Three Poems by June Daowen Lei
By June Daowen Lei
Emergent Instrument
Obviously, the word is state. As in
of emergency
yet a body continues to rattle
onto the train and into the desk chair
and so on. So on
panic rises in language, within words
large as deluge, surge, or incurable
hypochondria.
I dream I am a little subway rat
with full immunity, patch tail spending
all my days running
up the live rail. Endive-shaped heart-pink nose.
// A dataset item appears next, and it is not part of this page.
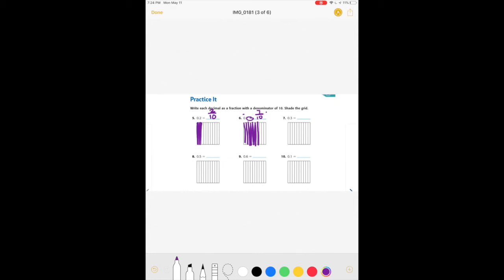Continuing practice: .5 is five-tenths — five equal parts of ten, so color in five-tenths. For .6, or six-tenths, write ten on the bottom and six as the numerator, and color in six pieces. For .1, or one-tenth, color in one piece; the denominator tells us ten pieces total and the numerator tells us one is colored in. You can decide whether to write the fraction first and then shade, or shade first then write the fraction.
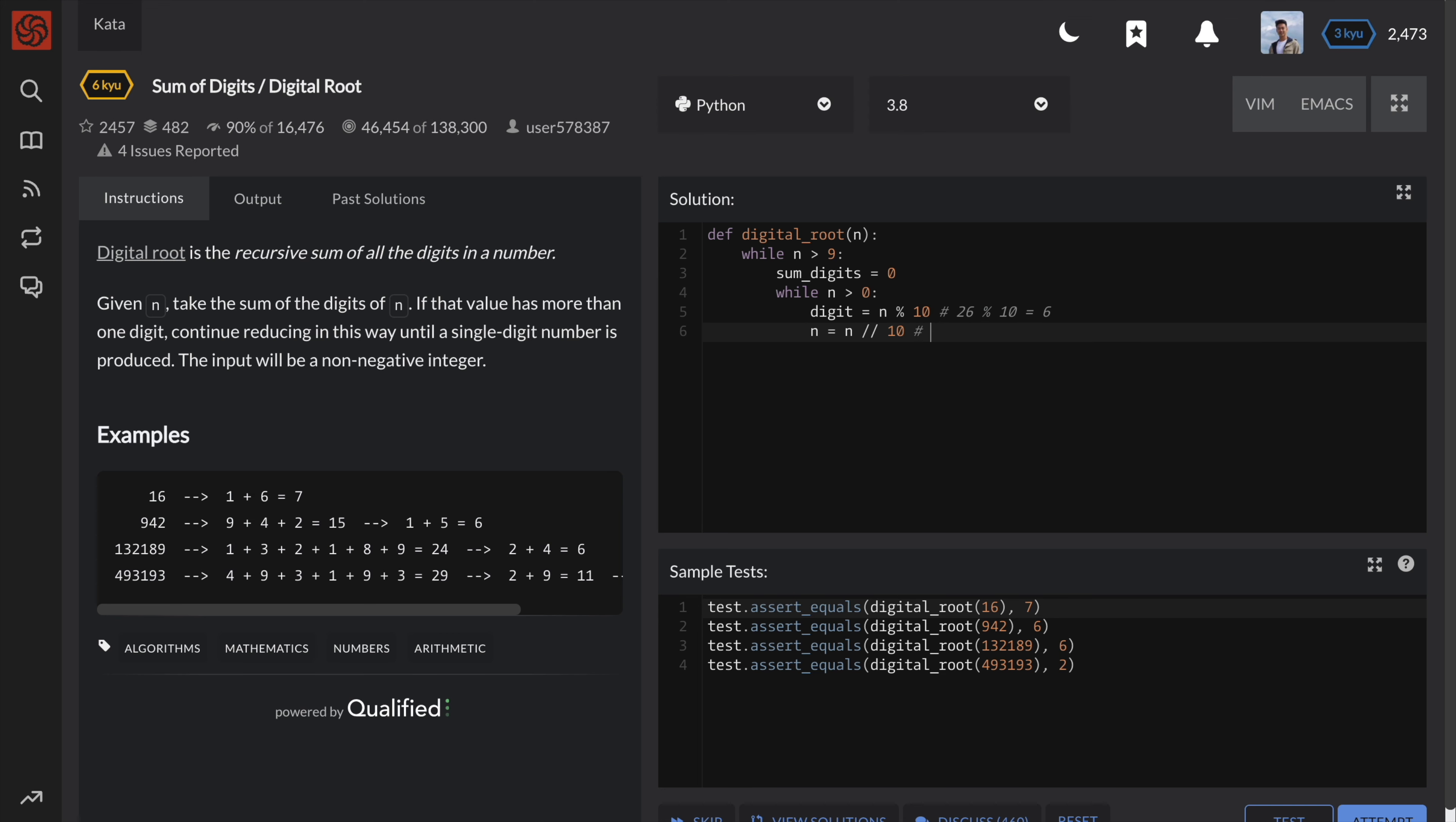We can do this by integer dividing the number by 10. This truncates the number by one digit. So for example, 26 divided by 10 is 2.6. But by using integer divide, the 0.6 is truncated and we get 2. Now we can add the digit to our total. And after we have gone through every digit, we update n to be the sum of its digits like before.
Pile of bile. Iotas of loose light float
through the iron grates
so they can see our shining, lucid state:
rats on the track staring at the people
on the platform who
stare back. Someone tries to speak, but they are
not the instrument. It is the rat who
states, you are
vermin,
hosting viruses and evolving them.
In dream I make appointments that never
happen: the lost time
makes up lost places, palatial estates
the tipping point where language goes molten
its liquid state sears
the first layer off. When I live there,
I see everything in micro: small fissures
threatening the whole
state of being. I smell it too, moving,
decomposing and so on. It smells like
the future, ripe and fragrant.
Yes Here I Am
Listening to the english sparrow sing the
jaunt tune of the ice cream truck passing
through this summer like a phantom of past
summers, and yes, I know now that I spent
months ignoring the song of a bird
yearning for its pastoral heartland; its
alkaline loneliness answering an
unintended call by impulse, torrent
of longing that lasts for the house sparrow:
brought to america via Brooklyn, 1851 who
yes, sought the comfort of a cupped hand
only to land as an uneasy pest
after an undesired voyage to
an unfamiliar country. Fervor of
displacement familiar to
my mother, who too lived in that nest
of Brooklyn, in the house with bats in the
attic and a bathtub in the kitchen, who went
without resentment, not knowing the
colonized went on to colonize
to rove & raid and they made children so now,
here we are with violence fossilizing our
bones into sedimentary rock: anaerobic, rich
with carbon, finite.
National Geographic
Sitting by the mill
on an idle river
spinning textiles
spilling water
the lush reds of an
afgani dress in panic:
darning a cold white
sheet in the summer.
Oh my unchanged body
with open mouth choked
on the saffron air in the
soft light
I hold my face up to the
edge, drink the copper
water turning green. I am
feeling like the sun,
now collapsing time,
rust of the gold night
descending. I can
not see now
beyond the embankment.
I cannot breathe through
the lurid distance
between the place
and the photograph. The
fabric held tight against
the weaving hand, patina
of silence
It was so bright in color you
could have been there.
Stood by them. You could
have been them.
About the author:
June Daowen Lei is an art worker, a poet, and a lifelong New Yorker.